El giro de Claudia Sheinbaum ante la presión de Washington

La asunción de Donald Trump en la presidencia de los Estados Unidos hace un año marcó un punto de inflexión definitivo para la política interior mexicana. La fuerte presión ejercida por el mandatario estadounidense sobre la gestión de la izquierdista Claudia Sheinbaum ha forzado a su administración a adoptar una postura mucho más beligerante y directa. Este cambio de paradigma se vuelve nítido al recordar que, hace apenas seis años, el país fue testigo de la polémica liberación de Ovidio Guzmán —hijo de "El Chapo"— con el fin de evitar un baño de sangre, bajo la consigna de "abrazos, no balazos" del entonces presidente Andrés Manuel López Obrador. Hoy, esa visión de contención parece haber quedado definitivamente en el pasado ante las nuevas exigencias de seguridad regional.

Expertos y observadores políticos, como el exdiputado y ex secretario nacional del PANFernando Rodríguez Doval, sostienen con firmeza que el operativo que terminó con la vida del líder del CJNG fue una acción coordinada con el gobierno de Estados Unidos. Para el dirigente, es claro que este abatimiento responde a las exigencias directas de la administración Trump, marcando una visión totalmente distinta que, si bien es exitosa en su objetivo táctico primordial, amenaza con provocar rupturas profundas dentro del seno del propio gobierno mexicano debido a las graves consecuencias violentas y sociales que estas capturas acarrean en el corto plazo.

Un ejército de 25.000 miembros y una industria diversificada

Pese al golpe simbólico que significa la pérdida de su fundador y máximo líder, el impacto real sobre la operatividad del Cártel Jalisco Nueva Generación sigue siendo una incógnita para los analistas de inteligencia. El académico Rafael Prieto Curial, investigador del Centro de Ciencias de la Complejidad en Viena, advierte que el grupo cuenta con una base de aproximadamente 25.000 miembros activos. Desde esta perspectiva, la pérdida de una sola figura, aunque se trate de la más importante en la jerarquía, no desarticula automáticamente a los miles de integrantes restantes que mantienen operativa la maquinaria delictiva en casi todos los estados del país.

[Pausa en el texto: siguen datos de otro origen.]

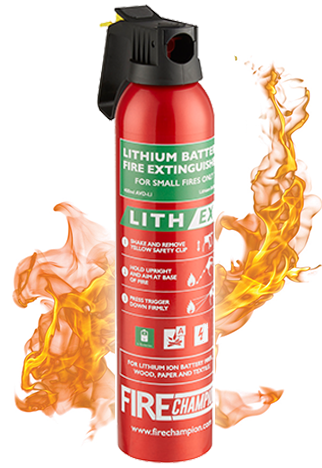 Brandblusser - Speciaal voor Lithium - Lithex - 400ml - dronedepot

La organización ha evolucionado hacia una industria criminal multisectorial de gran escala. Lo que hace una década se limitaba estrictamente al tráfico de drogas, hoy constituye un ecosistema delictivo diversificado que abarca desde el tráfico de personas y el secuestro, hasta la extorsión generalizada y el cobro de peaje a ciudadanos y comerciantes. Esta "industria" también incluye el robo de autos, la comercialización ilegal de gasolina y una alarmante connivencia con sectores del poder político y judicial. Esta omnipresencia ha permitido que el narco conquiste espacios de poder cada vez más fuertes, dominando buena parte del territorio nacional mientras el Estado exhibe una debilidad dramática ante la magnitud de la respuesta criminal.

El fantasma de la fragmentación y el futuro de la sucesión

La desaparición de Oseguera Cervantes abre un panorama de incertidumbre total sobre la estabilidad interna de la organización. Rafael Prieto Curial identifica tres sensaciones dominantes en este proceso: el alivio inicial por la caída de un líder sanguinario, el pánico social por las víctimas secundarias que genera la reacción narco y, finalmente, el riesgo latente de una guerra civil interna por el trono del cártel. El espejo en el que nadie quiere mirarse es el del Cártel de Sinaloa, que tras la caída de sus líderes históricos se fragmentó en facciones enfrentadas que sumieron a la región en una violencia sin precedentes.

Si el CJNG logra una sucesión rápida y unitaria bajo un nuevo mando, el impacto del operativo realizado por las fuerzas federales podría resultar nulo para la seguridad cotidiana. Sin embargo, si la organización se atomiza en grupos menores y rivales, la violencia podría escalar a niveles aún más aterradores para la población civil. La sociedad mexicana observa hoy con expectación y temor un escenario donde el éxito de un operativo militar de alto nivel no necesariamente se traduce en una política de seguridad efectiva a largo plazo, mientras los miles de miembros restantes de la organización siguen siendo una parte activa y peligrosa del conflicto.